BACKGROUND: HPTN 084 is an ongoing Phase 3 randomized, controlled trial that demonstrated the superiority of long-acting injectable cabotegravir (CAB) compared to daily oral TDF/FTC for HIV prevention in individuals assigned female at birth. The blinded portion of the trial was stopped at a planned interim review in November 2020. Participants were subsequently unblinded and continued on their original randomised study regimen pending a protocol amendment to offer open-label CAB.

METHODS: We report on HIV infections detected in the 12-month period following trial unblinding (11/5/20-11/5/21, detected through 12/31/21) based on site and HPTN Laboratory Center testing. We estimated cumulative HIV incidence for the combined primary blinded and 12-month unblinded follow-up period, by study arm.
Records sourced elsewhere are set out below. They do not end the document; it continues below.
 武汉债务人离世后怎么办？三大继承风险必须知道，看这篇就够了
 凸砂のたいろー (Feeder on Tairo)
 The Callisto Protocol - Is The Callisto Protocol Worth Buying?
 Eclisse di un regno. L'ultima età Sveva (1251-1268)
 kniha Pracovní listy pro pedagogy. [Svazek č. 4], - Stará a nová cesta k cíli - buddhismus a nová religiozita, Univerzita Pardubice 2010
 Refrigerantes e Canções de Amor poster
Grade 2+ adverse events (AEs), injection site reactions (ISR), pregnancy incidence and outcomes are reported for the 12-month post-unblinding period only.
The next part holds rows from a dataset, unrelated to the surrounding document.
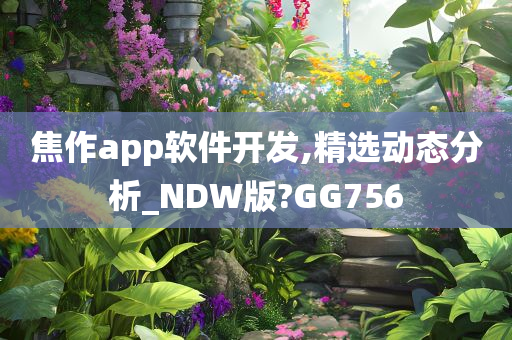 焦作app软件开发,精选动态分析_NDW版?GG756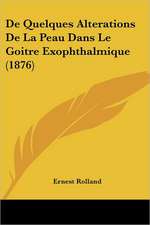 De Quelques Alterations De La Peau Dans Le Goitre Exophthalmique (1876)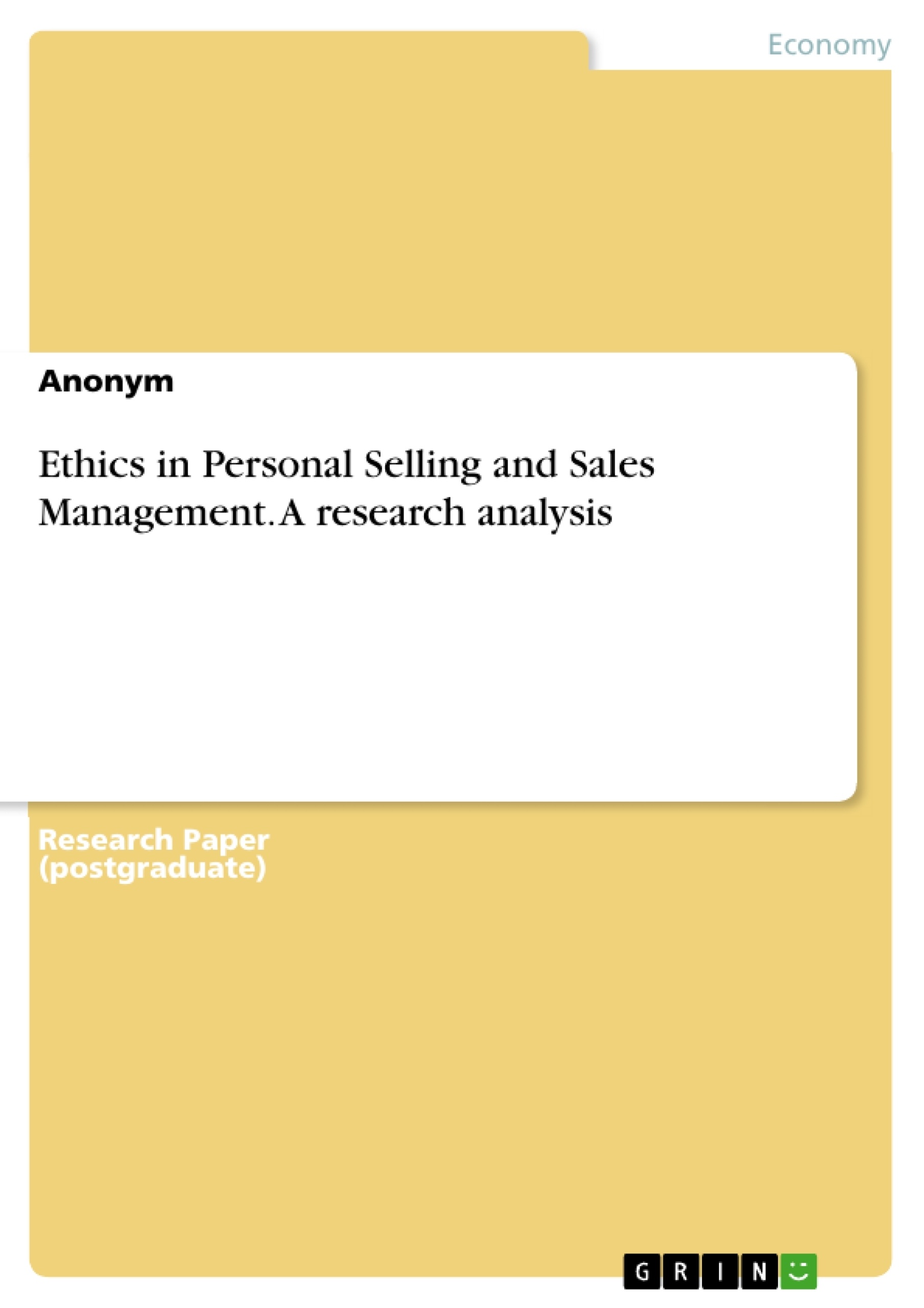 Título: Ethics in Personal Selling and Sales Management. A research analysis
RESULTS: Twenty-three incident infections (3 CAB, 20 TDF/FTC) were detected in the 12-month unblinded period. Of these, two (1 CAB, 1 TDF/FTC) were determined to have occurred during the blinded phase. Only one of the CAB cases (blinded phase case) had ever received an injection. Cumulatively, 62 incident HIV infections (6 CAB, 56 TDF/FTC) have been observed over 6626 person-years of follow up (HIV incidence 0.94%, 95% CI 0.72, 1.20). The superiority of CAB appears sustained (HR 0.11, 95% CI 0.05, 0.24). No new safety concerns were identified. For the 12-month unblinded period, 2.4% (32/1318) of participants in the CAB group reported a Grade 2+ ISR. Overall, Grade 2+ AEs in this period were balanced by study group; 20% were assessed as related to study product (CAB 19%, TDF/FTC 21%). Two deaths occurred in the CAB group; both were assessed as unrelated to study product. An additional 83 confirmed pregnancies (43 CAB, 40 TDF/FTC) occurred in the unblinded period (incidence 3.20%, 95% CI 2.56, 3.98). No congenital anomalies were reported.
CONCLUSIONS: Reductions in HIV incidence were sustained. CAB continues to be superior to TDF/FTC in preventing HIV infection in individuals assigned female at birth. Pregnancy incidence was higher in the unblinded period highlighting the importance of ongoing evaluations of CAB safety in pregnancy.